### DATA EXCERPTS
►

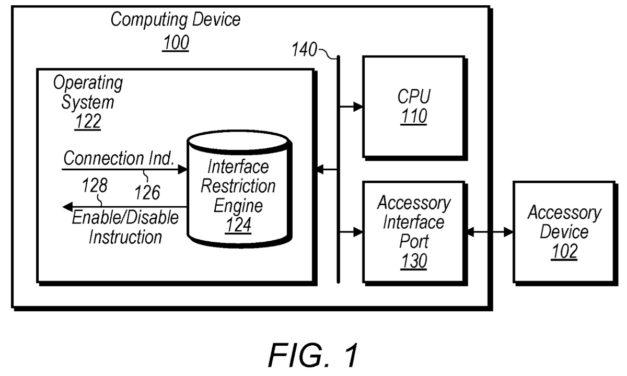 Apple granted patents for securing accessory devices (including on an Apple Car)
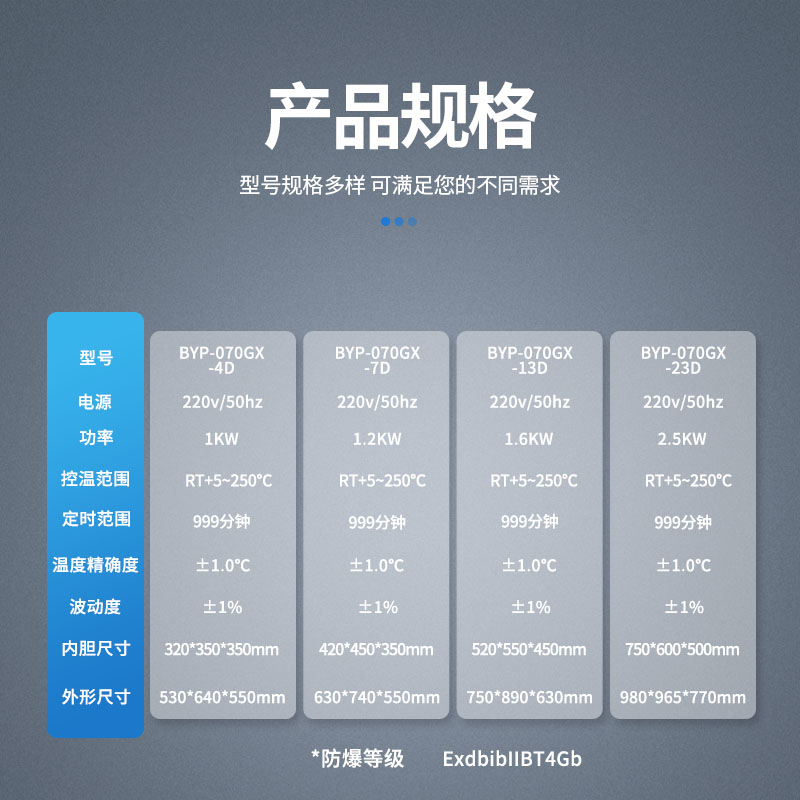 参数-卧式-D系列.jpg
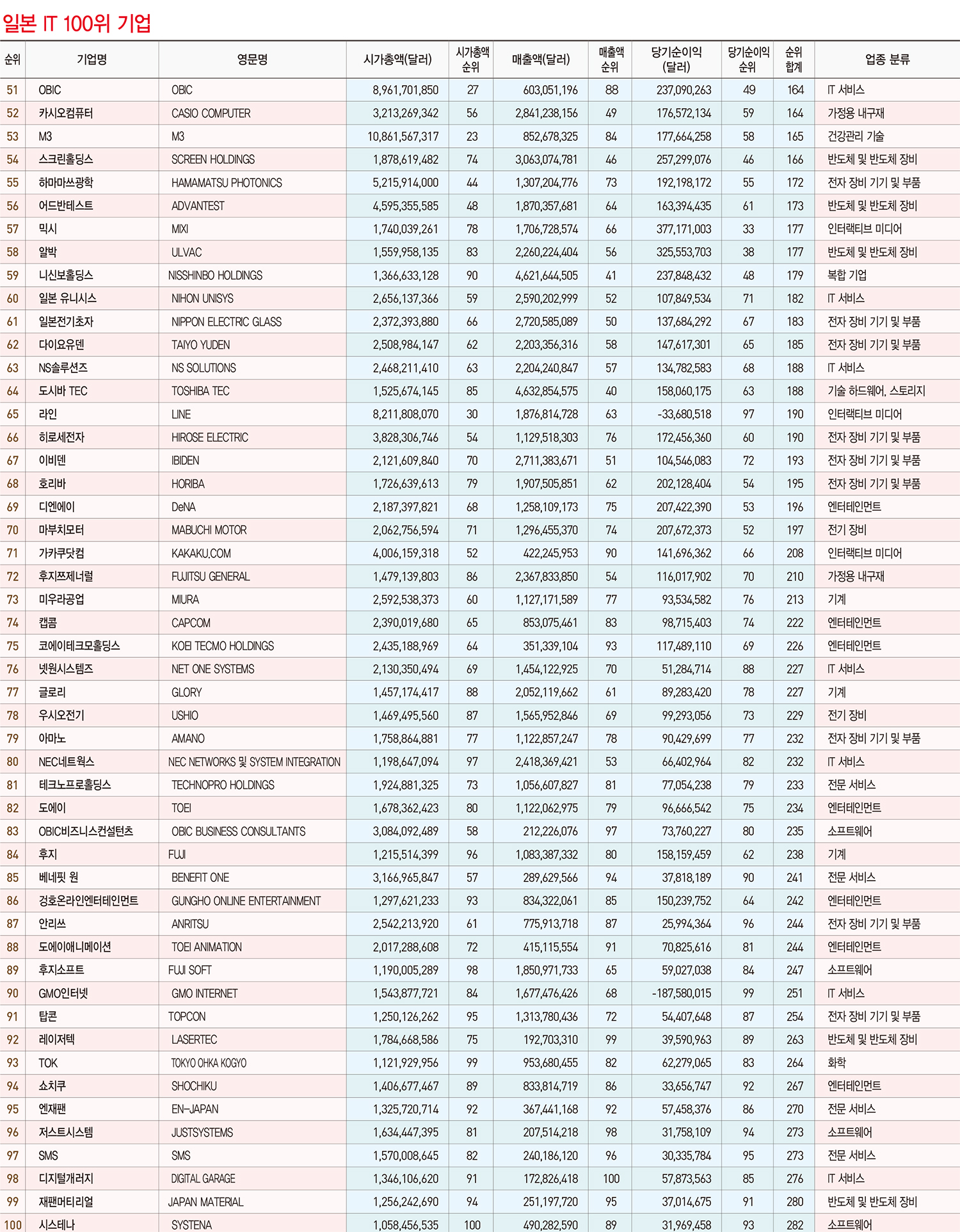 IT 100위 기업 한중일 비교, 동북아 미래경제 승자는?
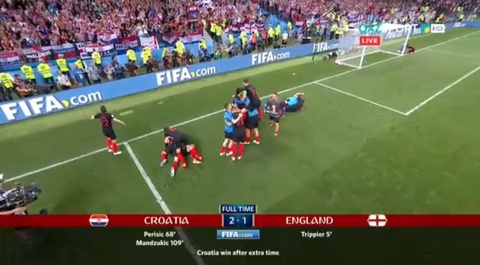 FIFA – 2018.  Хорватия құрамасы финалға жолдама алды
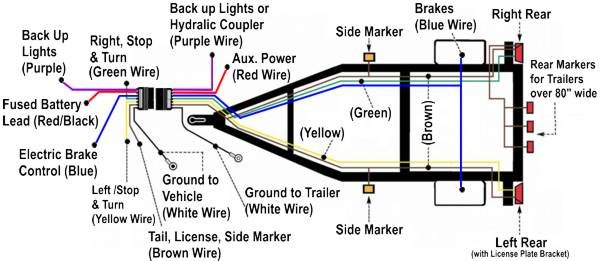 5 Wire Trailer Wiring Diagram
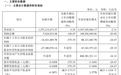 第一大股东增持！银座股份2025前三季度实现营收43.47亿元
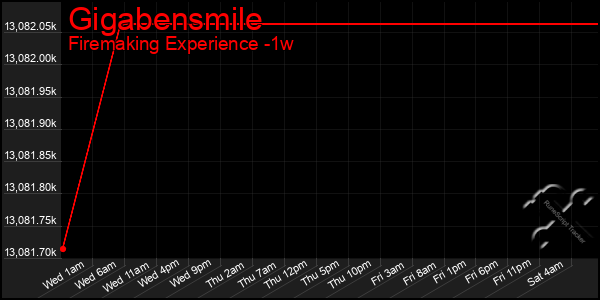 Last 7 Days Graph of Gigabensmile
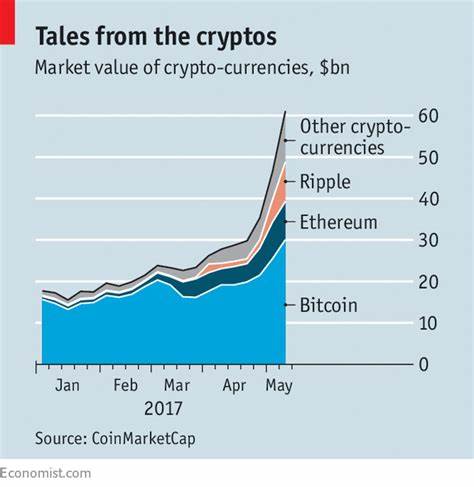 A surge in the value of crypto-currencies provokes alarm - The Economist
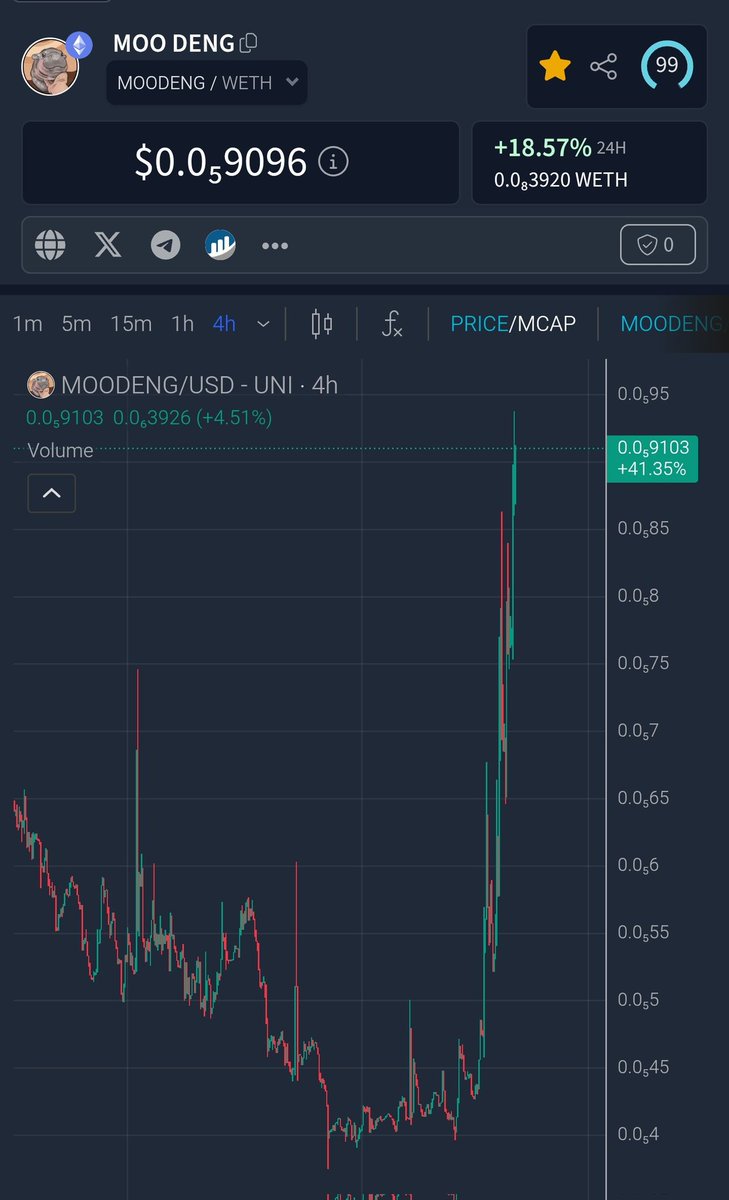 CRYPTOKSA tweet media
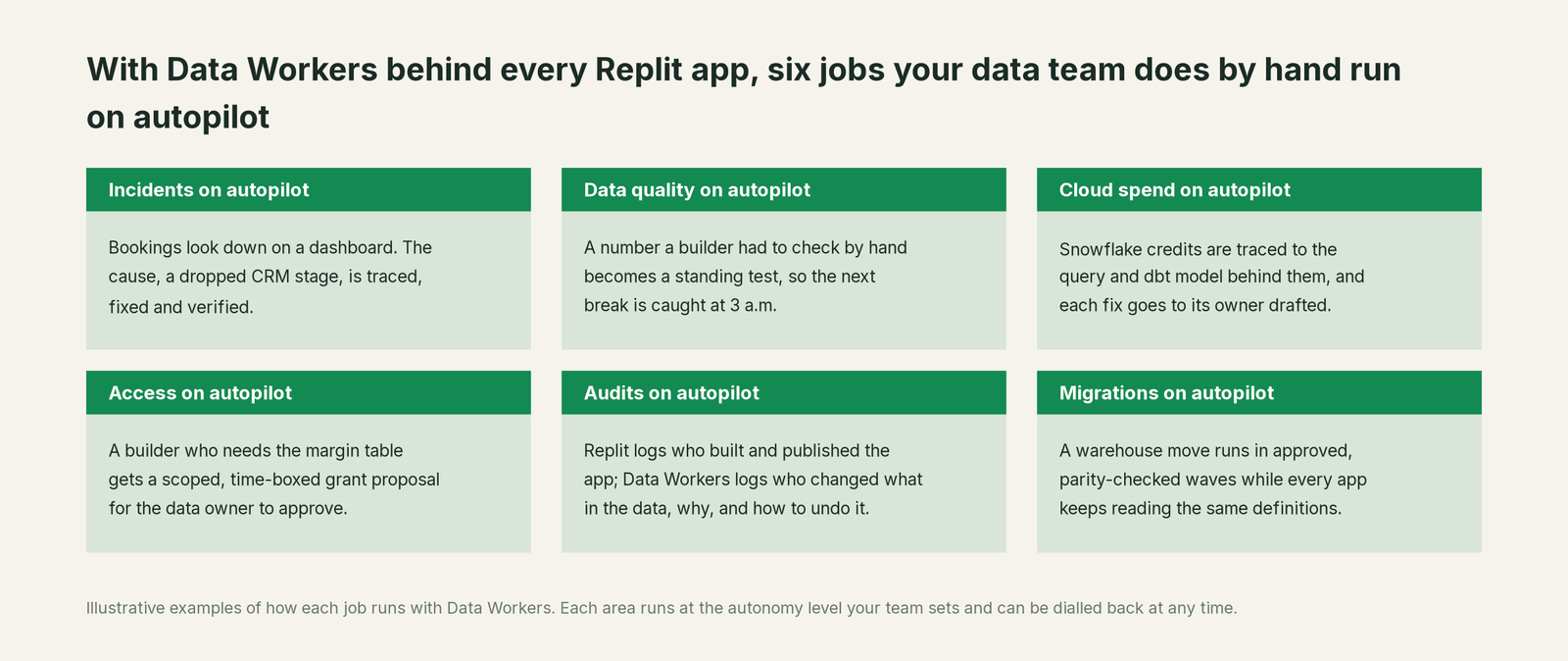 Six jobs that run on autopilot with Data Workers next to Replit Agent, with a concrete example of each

◄

Leave the pictures out, and copy exactly each line from the one containing "A surge in the" through the final line of the data.

### COMPLETED TASK
 A surge in the value of crypto-currencies provokes alarm - The Economist
 CRYPTOKSA tweet media
 Six jobs that run on autopilot with Data Workers next to Replit Agent, with a concrete example of each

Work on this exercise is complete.